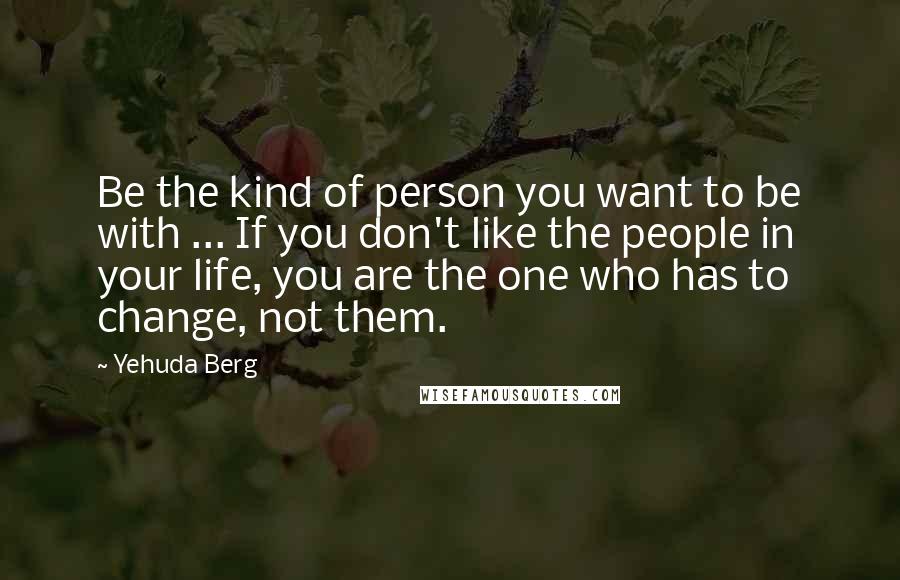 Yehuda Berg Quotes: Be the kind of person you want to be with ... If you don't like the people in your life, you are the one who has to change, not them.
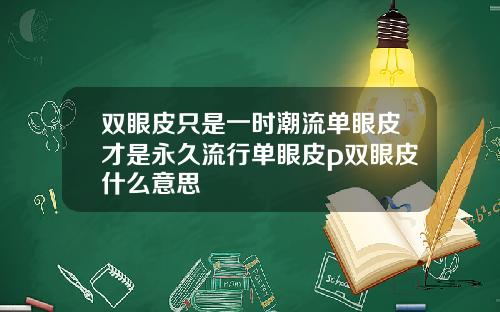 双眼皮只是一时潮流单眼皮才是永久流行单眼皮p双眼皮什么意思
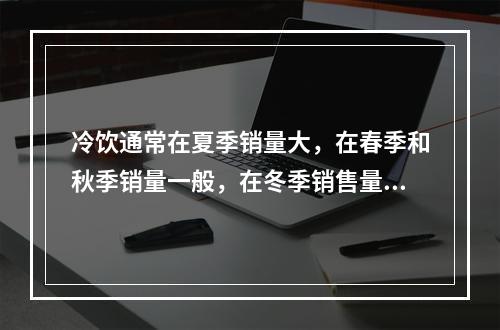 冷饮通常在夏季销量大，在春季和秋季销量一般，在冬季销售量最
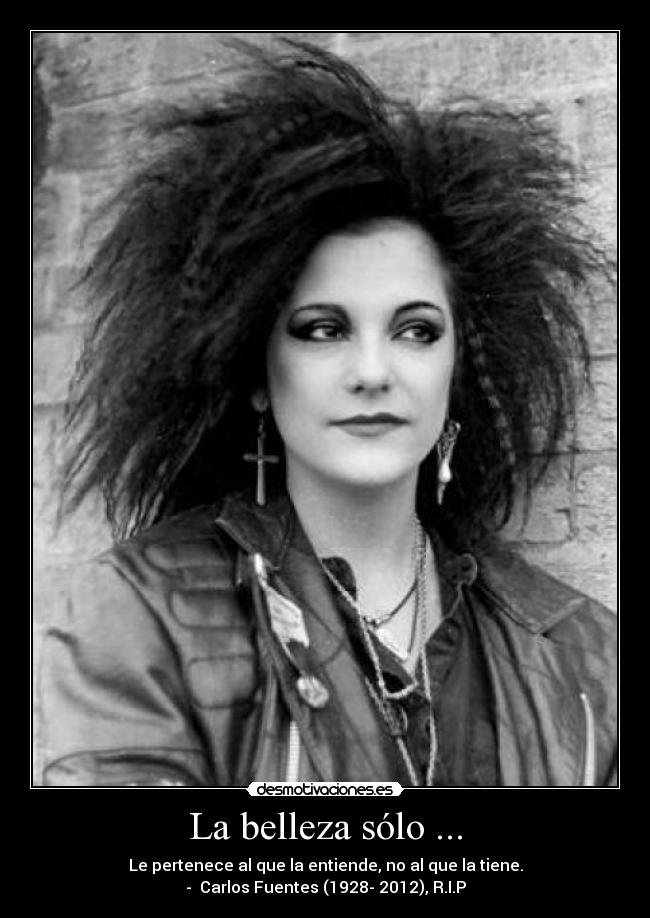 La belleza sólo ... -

..........

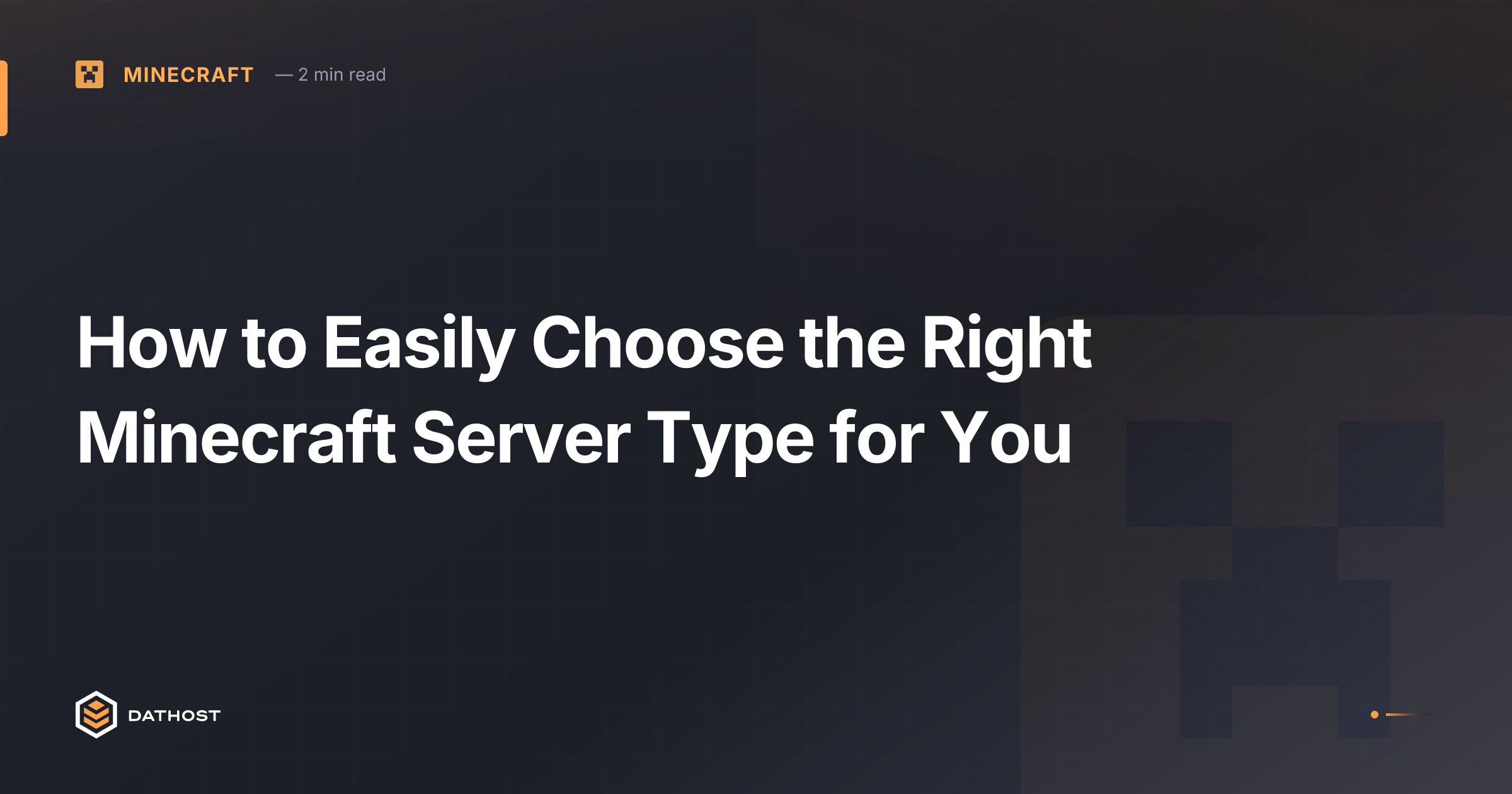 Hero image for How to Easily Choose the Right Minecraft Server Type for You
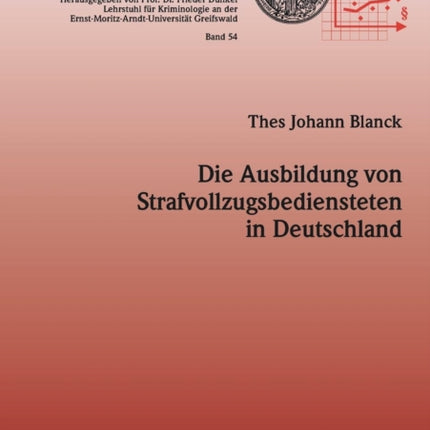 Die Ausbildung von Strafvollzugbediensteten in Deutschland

..........

◆ Description of the task: Print an exact copy of the lines above, from the one containing "Yehuda Berg Quotes: Be" through the one containing "La belleza sólo", and leave out the pictures.

◆ Answer space:
 Yehuda Berg Quotes: Be the kind of person you want to be with ... If you don't like the people in your life, you are the one who has to change, not them.
 双眼皮只是一时潮流单眼皮才是永久流行单眼皮p双眼皮什么意思
 冷饮通常在夏季销量大，在春季和秋季销量一般，在冬季销售量最
 La belleza sólo ... -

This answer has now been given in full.